Ce midi-là, le groupe répète du Rancid, du Linkin Park et du Ariane Moffatt. «L'ouverture d'esprit n'est pas une fracture du crâne», chante une adolescente noire. Un jeune Libanais l'accompagne au piano. «C'est mon prodige», dit le prof d'anglais en montrant le frêle adolescent. «J'ai rarement vu un talent comme ça en 30 ans d'enseignement.»

Ce prodige n'a jamais pris de cours de musique. Il ne sait pas lire une partition. Mais il peut jouer n'importe quelle chanson au piano après l'avoir entendue une fois. L'ado vient d'une famille nombreuse. Et comme plusieurs autres élèves de Calixa, il a vu la guerre de près. Il était au Liban quand le conflit a éclaté à l'été 2006. «J'ai cru que j'allais mourir», raconte le garçon au regard vif.

M. Vanier tentera de convaincre ses parents de lui payer des cours. Sans se faire d'illusion. La priorité des nouveaux arrivants, c'est de payer le loyer et l'épicerie. Pas des cours de piano.

L'enseignant d'anglais n'échangerait pas sa place avec quiconque. «Je n'irais pas au privé. C'est une classe de jeunes privilégiés avec des attentes très liées au capitalisme.
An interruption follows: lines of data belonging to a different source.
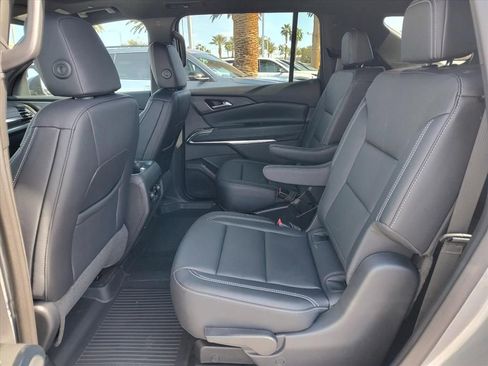 New 2026 Chevrolet Traverse LT w/ Sun and Wheel Package FWD image 6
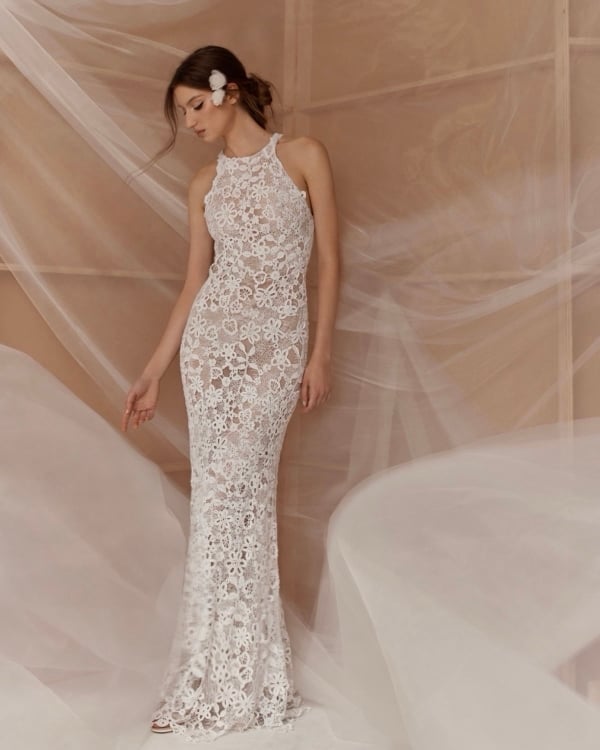 20 Textural Bridal Dresses We're Crushing On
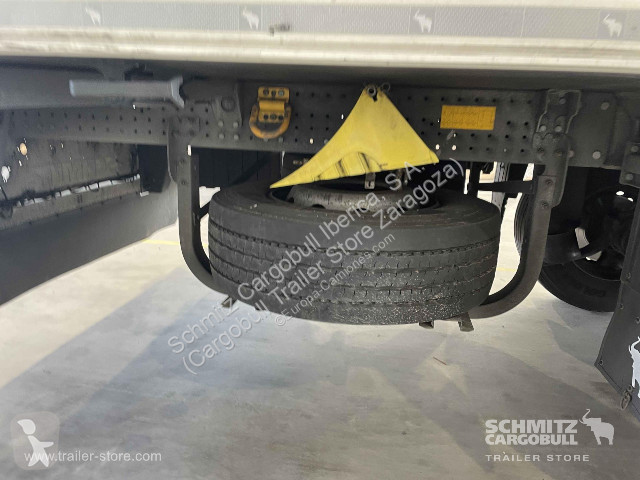 نصف مقطورة Schmitz Cargobull Reefer Standard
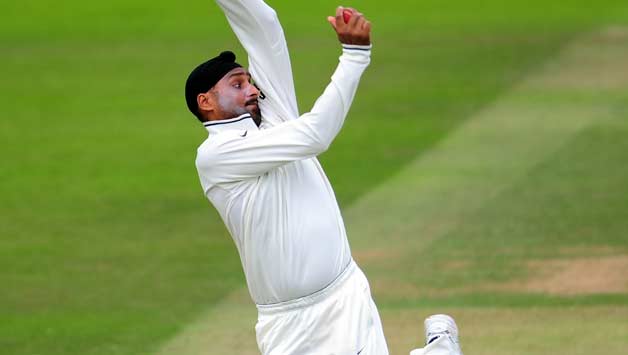 Ranji Trophy 2012: Harbhajan Singh returns to form with three wickets for Gujarat against Punjab Ranji Trophy 2012: Harbhajan Singh returns to form with three wickets for Gujarat against Punjab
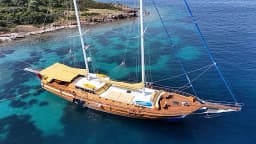 Luxury Sailing Yacht in Bodrum Marina thumbnail 26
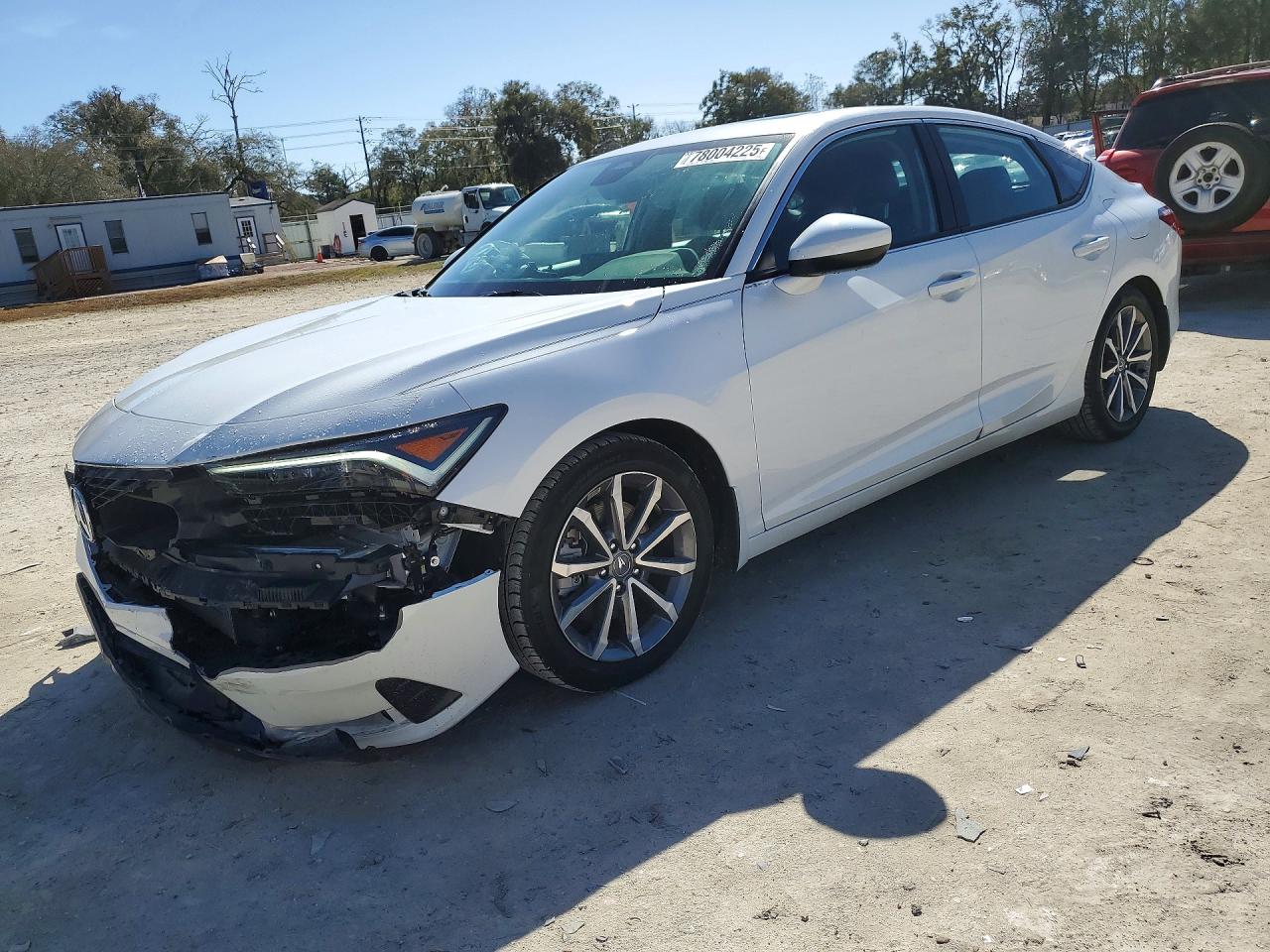 Salvage Acura Integra Image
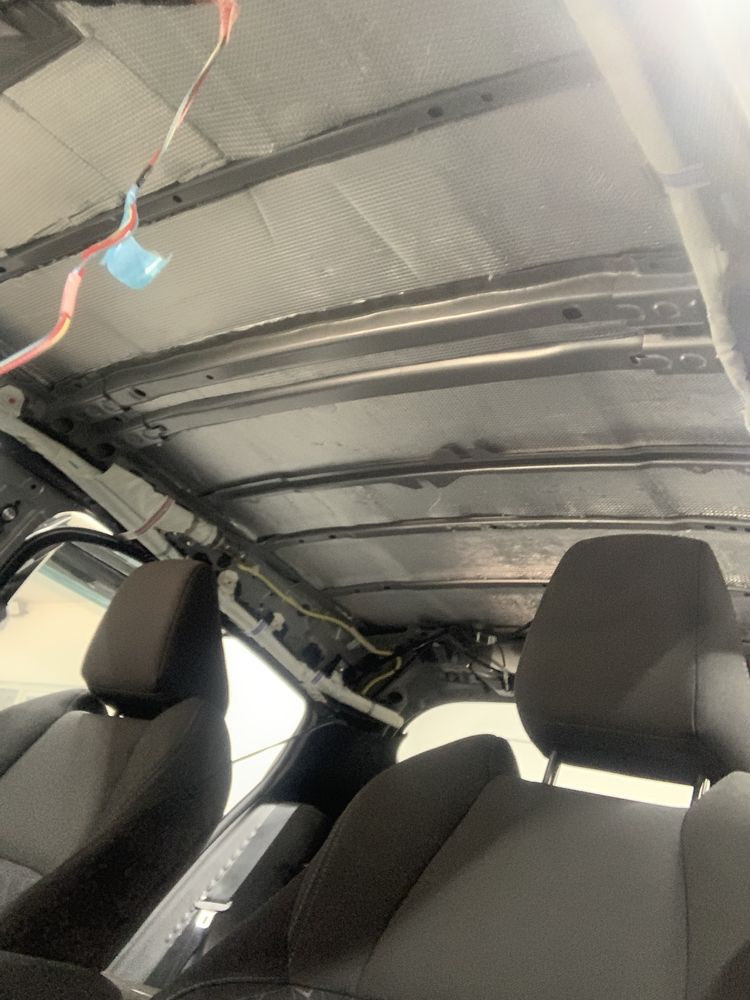 Retapitare plafon , lumini ambientale , Polish , insonorizare auto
Ici, papa et maman ne sont pas souvent derrière leur jeune, mais les enfants ont beaucoup de gratitude.»

Mauvaise note de 10 sur 10



Calixa-Lavallée est dans le lot des 200 écoles secondaires en milieu défavorisé financées par le ministère de l'Éducation avec le programme Agir autrement. Elle a obtenu l'indice de pauvreté le plus élevé: 10 sur 10.

La bonne nouvelle? Cette mauvaise note s'accompagne de ressources supplémentaires. Il y a un éducateur spécialisé pour chaque niveau. Un travailleur social du CLSC à temps plein dans l'école. Une travailleuse communautaire chaque midi pour faire de l'animation dans un local réservé aux élèves de première secondaire.

Chaque jour, trois enseignants de l'école - c'est chacun leur tour - restent une heure de plus pour donner un coup de main aux élèves dans leurs devoirs. Pour motiver les jeunes à venir chercher de l'aide, chaque présence leur donne des points échangeables contre des sorties gratuites (La Ronde, par exemple). Une collation santé leur est servie. Et malgré toutes ces «conditions gagnantes», le programme n'attire vraiment pas beaucoup de jeunes.

Qu'à cela ne tienne, la direction et le personnel de Calixa ne se découragent pas. Ils en ont vu d'autres. L'équipe de basket benjamin garçon, aussi. Comme dans le film de Walt Disney Mighty Ducks, c'est l'équipe partie de loin, de très loin, qui a remporté la victoire au basket. Score: 74 contre 52 en faveur de Calixa.